When Eliza turned thirteen, she needed to leave the village on her own for the first time. Her father had died in a hunt, and her mother had grown sick after spending days in the cold rain, chasing after his ghost. Before Eliza could be allowed to leave, Thaddeus took her aside for special instructions. The old man was wise, and had been charged with protecting the young ones from the many dangers outside the walls. He taught her of the flowers that bite and the birds that sting, and the thing in the cozai tree that must not be spoken to, no matter whose voices it used.
And then he taught her about mushrooms. He showed her many examples, both fresh and dried, and pointed out their differences and similarities, and how deceptive mushrooms could be. “If you explore the wilderness and come across wild mushrooms,” he said, his white beard bristling, “you mustn’t touch them unless you can identify them. If you are in doubt, consult a guide, either a book or a person.”
He showed her the edible ones like Purple Capes and Red Sprouts. He showed her the inedible ones like Glow Buttons, Horse Saddles, and even the reeking Black Rot. The ones with twins were the most confusing. Mushrooms had few means to protect themselves. They would try to survive by hiding their true names.
Enochians were red with twelve white spots, and tasted great with rice.

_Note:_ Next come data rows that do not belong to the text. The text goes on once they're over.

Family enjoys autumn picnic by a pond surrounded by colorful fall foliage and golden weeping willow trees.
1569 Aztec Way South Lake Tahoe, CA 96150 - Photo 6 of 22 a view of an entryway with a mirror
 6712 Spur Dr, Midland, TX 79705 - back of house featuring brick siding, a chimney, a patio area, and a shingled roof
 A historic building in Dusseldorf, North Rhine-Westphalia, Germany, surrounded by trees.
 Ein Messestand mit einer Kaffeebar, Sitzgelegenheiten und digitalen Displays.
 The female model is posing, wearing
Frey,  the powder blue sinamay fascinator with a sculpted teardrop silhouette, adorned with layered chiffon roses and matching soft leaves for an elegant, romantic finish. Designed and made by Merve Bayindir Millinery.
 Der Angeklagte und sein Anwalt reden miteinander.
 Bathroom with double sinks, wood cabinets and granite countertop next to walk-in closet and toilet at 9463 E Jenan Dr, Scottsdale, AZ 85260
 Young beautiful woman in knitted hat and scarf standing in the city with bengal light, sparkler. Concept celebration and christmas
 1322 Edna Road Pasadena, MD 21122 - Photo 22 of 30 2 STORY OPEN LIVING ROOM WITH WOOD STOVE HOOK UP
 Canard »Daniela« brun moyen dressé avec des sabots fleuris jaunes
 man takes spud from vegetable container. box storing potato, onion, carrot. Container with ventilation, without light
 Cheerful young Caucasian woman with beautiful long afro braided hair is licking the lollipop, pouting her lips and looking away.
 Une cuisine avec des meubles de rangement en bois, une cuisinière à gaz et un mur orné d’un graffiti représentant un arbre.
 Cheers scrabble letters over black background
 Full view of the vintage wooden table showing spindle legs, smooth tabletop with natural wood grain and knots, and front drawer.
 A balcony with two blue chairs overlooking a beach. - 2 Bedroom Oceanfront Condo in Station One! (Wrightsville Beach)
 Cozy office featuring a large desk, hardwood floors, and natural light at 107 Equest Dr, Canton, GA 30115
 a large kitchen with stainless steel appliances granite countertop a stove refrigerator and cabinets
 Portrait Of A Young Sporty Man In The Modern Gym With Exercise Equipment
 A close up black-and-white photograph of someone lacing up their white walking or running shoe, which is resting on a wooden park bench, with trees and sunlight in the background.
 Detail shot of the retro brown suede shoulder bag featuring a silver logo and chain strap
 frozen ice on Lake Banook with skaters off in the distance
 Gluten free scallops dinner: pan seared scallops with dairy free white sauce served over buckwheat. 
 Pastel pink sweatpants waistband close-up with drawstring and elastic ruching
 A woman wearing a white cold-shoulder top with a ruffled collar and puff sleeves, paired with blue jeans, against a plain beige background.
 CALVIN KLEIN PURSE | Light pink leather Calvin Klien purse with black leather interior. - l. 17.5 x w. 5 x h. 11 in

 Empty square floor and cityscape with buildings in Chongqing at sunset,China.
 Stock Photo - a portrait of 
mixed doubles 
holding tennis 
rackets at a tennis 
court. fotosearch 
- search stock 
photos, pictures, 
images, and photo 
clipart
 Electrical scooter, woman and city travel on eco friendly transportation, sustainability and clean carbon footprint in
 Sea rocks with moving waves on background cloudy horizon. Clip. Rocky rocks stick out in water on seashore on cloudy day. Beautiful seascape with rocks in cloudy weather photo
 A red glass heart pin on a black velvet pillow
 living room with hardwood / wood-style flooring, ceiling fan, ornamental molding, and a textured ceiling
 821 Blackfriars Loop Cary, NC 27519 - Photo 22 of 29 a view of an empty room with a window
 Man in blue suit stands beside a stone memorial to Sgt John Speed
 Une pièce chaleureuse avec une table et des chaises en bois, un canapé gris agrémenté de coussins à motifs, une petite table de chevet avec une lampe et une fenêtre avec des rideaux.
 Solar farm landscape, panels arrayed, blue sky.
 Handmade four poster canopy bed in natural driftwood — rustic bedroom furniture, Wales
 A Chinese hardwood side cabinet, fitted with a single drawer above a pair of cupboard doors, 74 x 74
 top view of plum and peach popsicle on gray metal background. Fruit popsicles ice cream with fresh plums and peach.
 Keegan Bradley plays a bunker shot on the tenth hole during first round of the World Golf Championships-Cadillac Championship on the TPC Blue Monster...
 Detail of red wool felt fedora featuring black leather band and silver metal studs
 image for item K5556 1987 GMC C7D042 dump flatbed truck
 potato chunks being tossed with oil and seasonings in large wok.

False Enochians had but eleven spots. Their flesh opened doors in the ether and summoned dark wanderers. These strangers from beyond would claim to be the Eternal Ones, but they were actually Shadow Speakers. “Do not listen to their instructions,” Thaddeus said, his dark eyes flaming, “when they bid you to follow them off the well-trod path and into the depths of the forest. You will find yourself lost, trapped in the Nowhere Place.”
To help her remember his warning, he recited the ancient poem.
Know thee well where Shadow Speakers hide
They hate the minds they are trapped inside
They will drag you down into the dark below
And then the hands of time begin to slow
Chased by monsters in your head
All your thoughts will turn to dread
Never more to see the sun
To stay alive, just run, run, run
“One more thing,” Thaddeus said, “and perhaps the most important: False Enochians taste great sauteed with garlic.”